═════ Extracted entries ═════
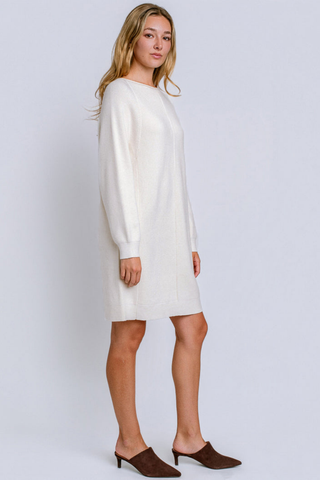 Kerisma Assima Sweater Dress in Cream featuring a relaxed mini silhouette, round neckline, and long sleeves.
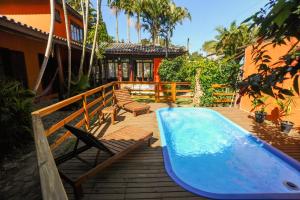 a swimming pool with a surfboard next to a house at Pousada Paradise Ferrugem in Garopaba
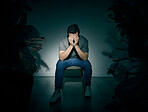 One mixed race male suffering mental illness in asylum. Caucasian schizophrenic man experiencing a depression while being surrounded by people on a stage theatre performance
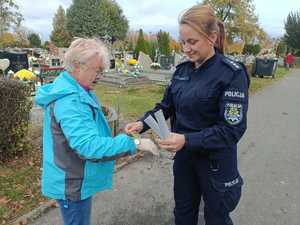 policjantka rozdaje elementy odblaskowe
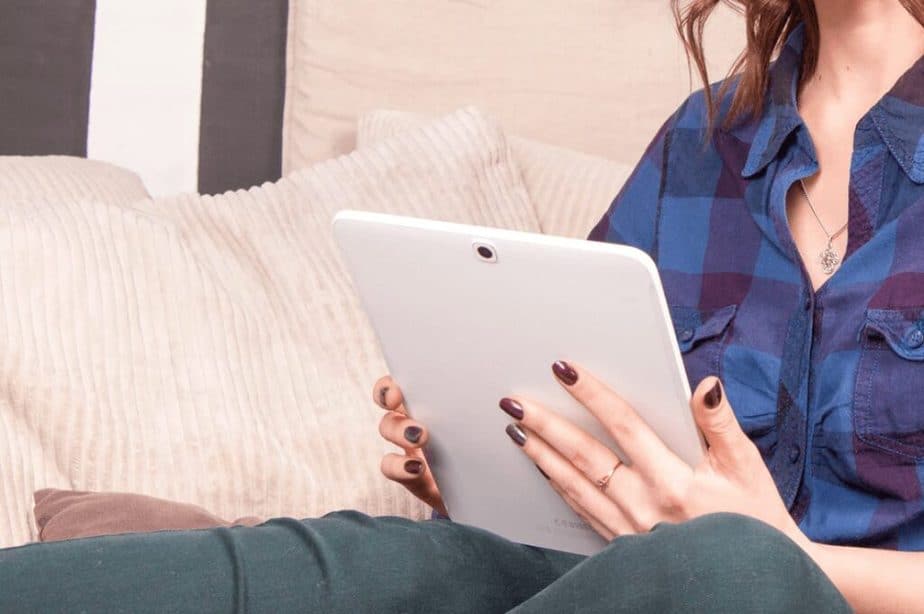 woman holding tablet stock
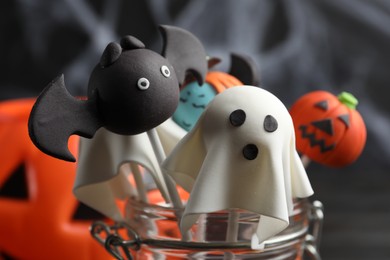 Photo of Different Halloween themed cake pops on dark background, closeup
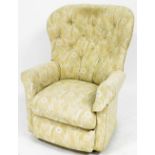 An upholstered rocker armchair, in cream floral upholstery, on castors, 100cm high, 72cm wide, 74cm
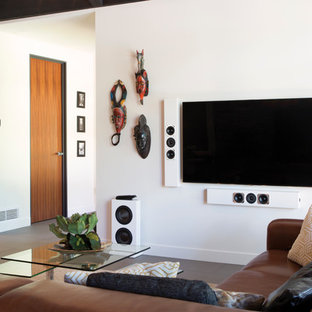 Idée de décoration pour une salle de cinéma design de taille moyenne et ouverte avec un mur blanc, un sol en contreplaqué et un téléviseur fixé au mur.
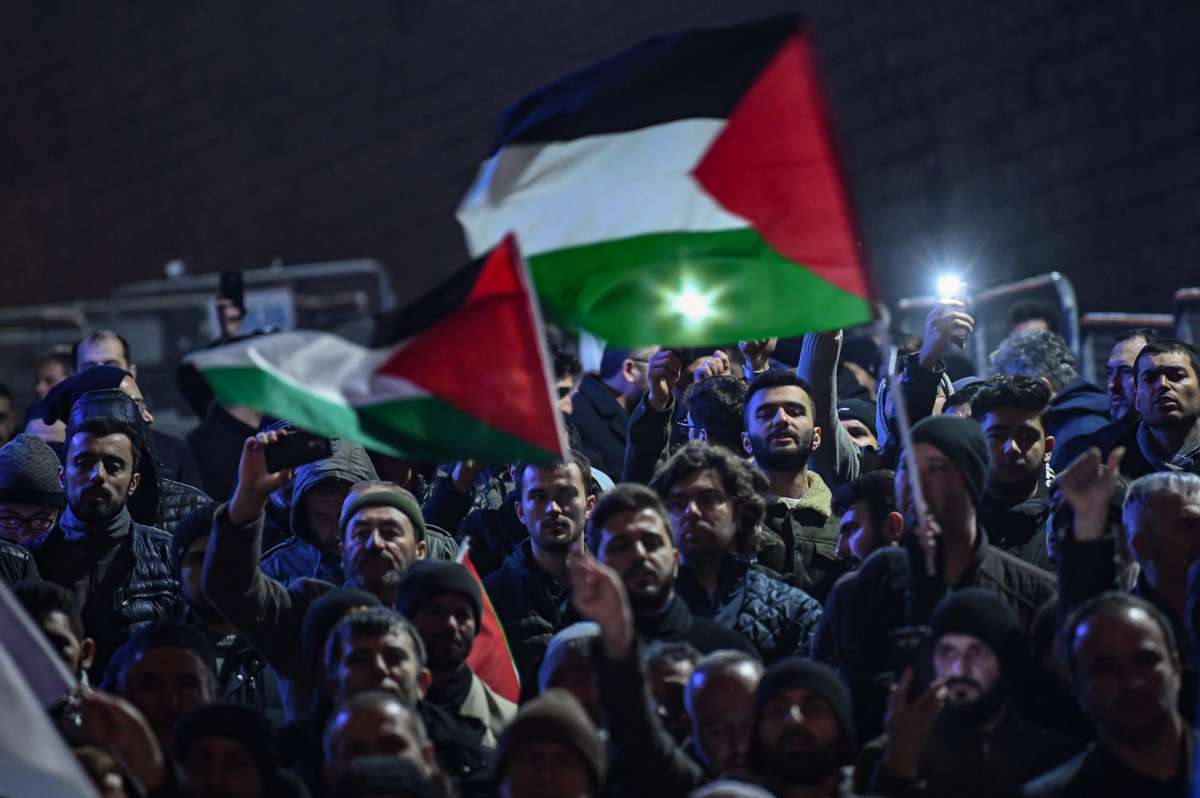 Activists wave Palestinian flags during a protest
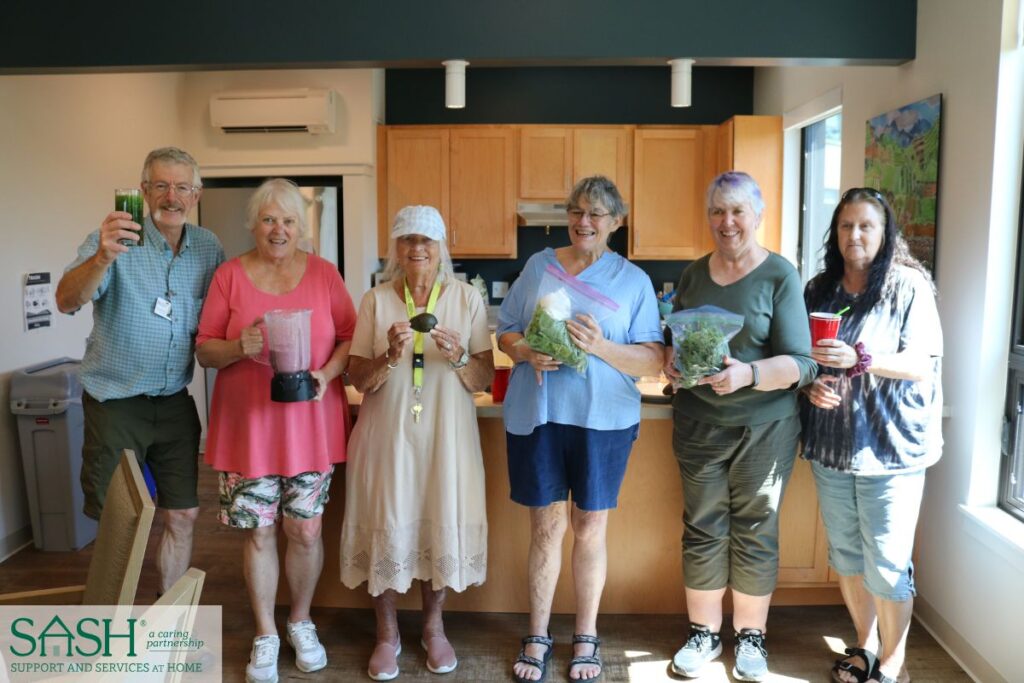 A group of 6 residents of a SASH housing organization holding up smoothie ingredients.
═════
- Activity -
Give the entries above again word for word, without any pictures.

- Task output -
 Kerisma Assima Sweater Dress in Cream featuring a relaxed mini silhouette, round neckline, and long sleeves.
 a swimming pool with a surfboard next to a house at Pousada Paradise Ferrugem in Garopaba
 One mixed race male suffering mental illness in asylum. Caucasian schizophrenic man experiencing a depression while being surrounded by people on a stage theatre performance
 policjantka rozdaje elementy odblaskowe
 woman holding tablet stock
 Photo of Different Halloween themed cake pops on dark background, closeup
 An upholstered rocker armchair, in cream floral upholstery, on castors, 100cm high, 72cm wide, 74cm
 Idée de décoration pour une salle de cinéma design de taille moyenne et ouverte avec un mur blanc, un sol en contreplaqué et un téléviseur fixé au mur.
 Activists wave Palestinian flags during a protest
 A group of 6 residents of a SASH housing organization holding up smoothie ingredients.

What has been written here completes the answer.